# DATA EXCERPT:
'''

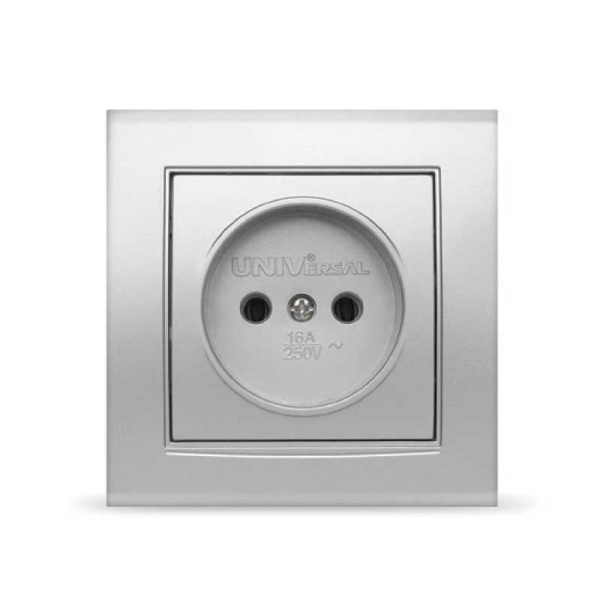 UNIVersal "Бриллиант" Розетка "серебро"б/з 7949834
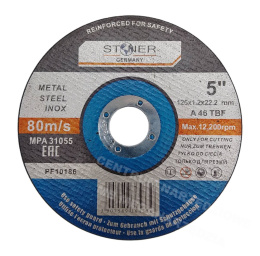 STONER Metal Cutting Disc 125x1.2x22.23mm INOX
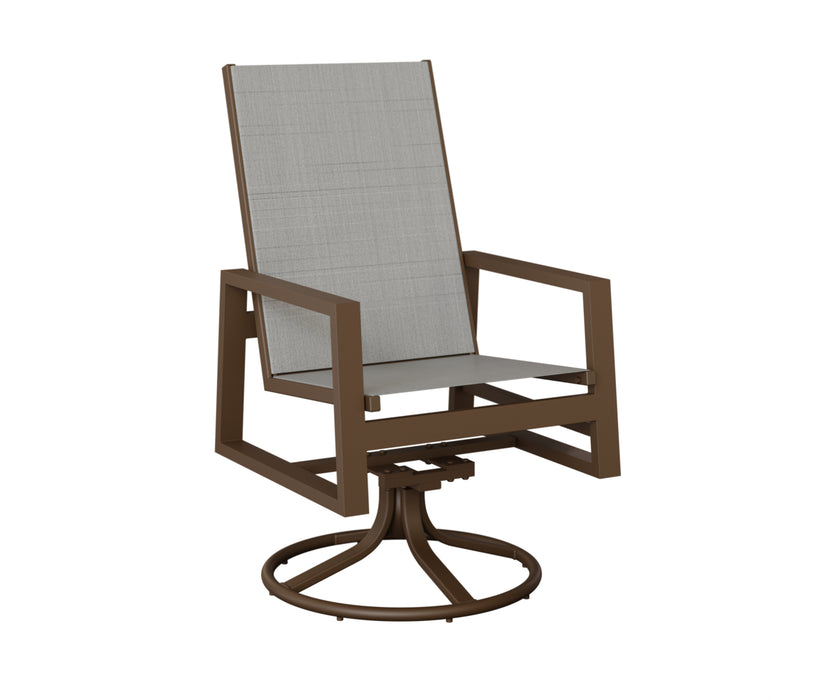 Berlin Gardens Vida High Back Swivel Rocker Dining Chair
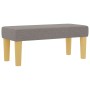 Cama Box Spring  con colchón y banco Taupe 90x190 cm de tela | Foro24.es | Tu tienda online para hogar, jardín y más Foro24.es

'''

# THE TASK:
Every line of the listing above is to be set down verbatim, without the pictures.

# ANSWER TO THIS EXERCISE:
 UNIVersal "Бриллиант" Розетка "серебро"б/з 7949834
 STONER Metal Cutting Disc 125x1.2x22.23mm INOX
 Berlin Gardens Vida High Back Swivel Rocker Dining Chair
 Cama Box Spring  con colchón y banco Taupe 90x190 cm de tela | Foro24.es | Tu tienda online para hogar, jardín y más Foro24.es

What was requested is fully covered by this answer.